When the average business owner wants to boost his profits, he usually:
- Focuses on sales instead of profits (strike one),
- Looks about him at what everyone else is doing (strike two),
- And looks for “expert” advice from the wrong people (strike three).
It’s like catching fish with a boxing glove. Boosting your bottom line requires strategic thinking, and it’s best to accomplish this without any cost or risk, and the minimum of time.
Think like a general instead of a soldier, and a like chess player instead of a checker’s player, and you’ll start thinking like a Joint Venture Broker. Strategists move beyond ego and fear to a rational approach that focuses on profit and abundance. It’s all about leverage and understanding reciprocity and systems.
You Need to Ask Yourself:
Here are a few questions to ask yourself, in order to move from tactician to strategist, and from selling your time to using your head:
- What else could your customers buy, before, after, and during their purchase from you, and who could you arrange that they buy that from, while you receive a piece of all the resulting, ongoing transactions? Back end = 100% pure profit.
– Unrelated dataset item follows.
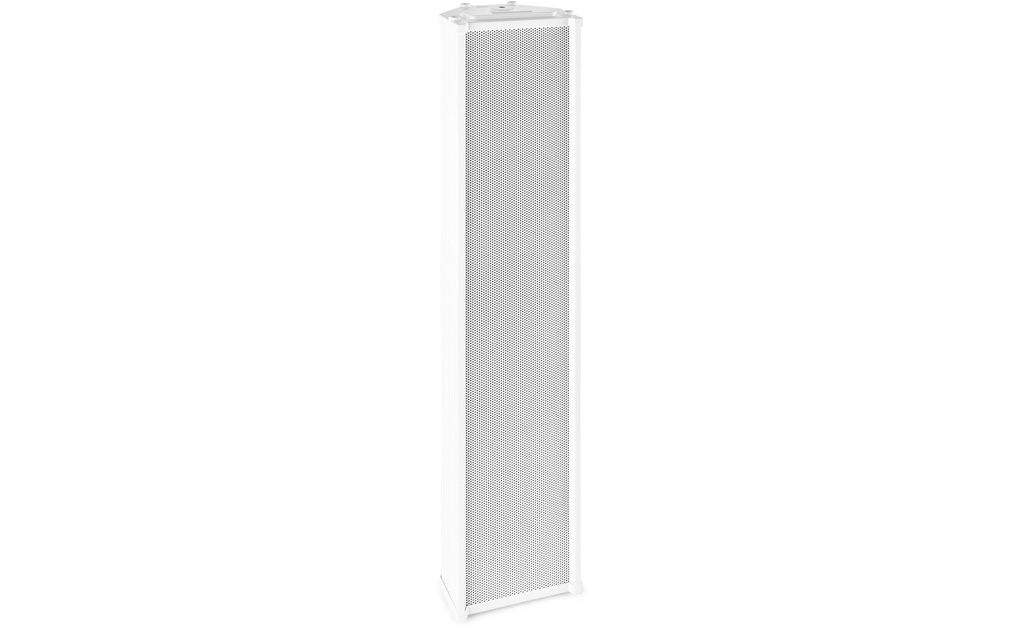 Power Dynamics Haut-parleur d’installation OCS5 50W, blanc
- If you gave them an incentive, how many businesses / people could you arrange to enthusiastically, systematically, and consistently refer business to you? Unlimited, qualified referrals from a trusted source with a high closing ratio is the result.
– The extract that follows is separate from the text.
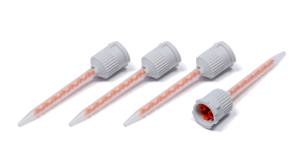 RTV Nozzle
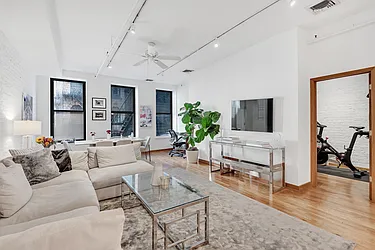 Rented by Corcoran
- How much extra value would you like to add to your current transactions at no cost or risk to you? This can increase transaction values and closing ratios and drop your attrition rate through the floor.
- How could you piggyback on the distribution, excess inventory, unconverted leads, marketing, sales, and other resources of twenty other businesses? Scrap that marketing budget.
- How can you arrange to stop paying for promises and only pay for results, which will essentially allow you to have an unlimited marketing budget? Fire those coaches and consultants right now.
When business owners realize that they’re working too hard and too long for too little, and that they’re only realizing around 10% of their potential profit, they suddenly open their eyes and start thinking like real business owners instead of broke, self-employed, salespeople who BS themselves even more than they do everyone else.
You can move from the soup kitchen to the Four Seasons faster than you think. Stop paying for a Rolex and getting a Timex. But remember that the man who wears a Timex can’t teach you how to buy a Rolex.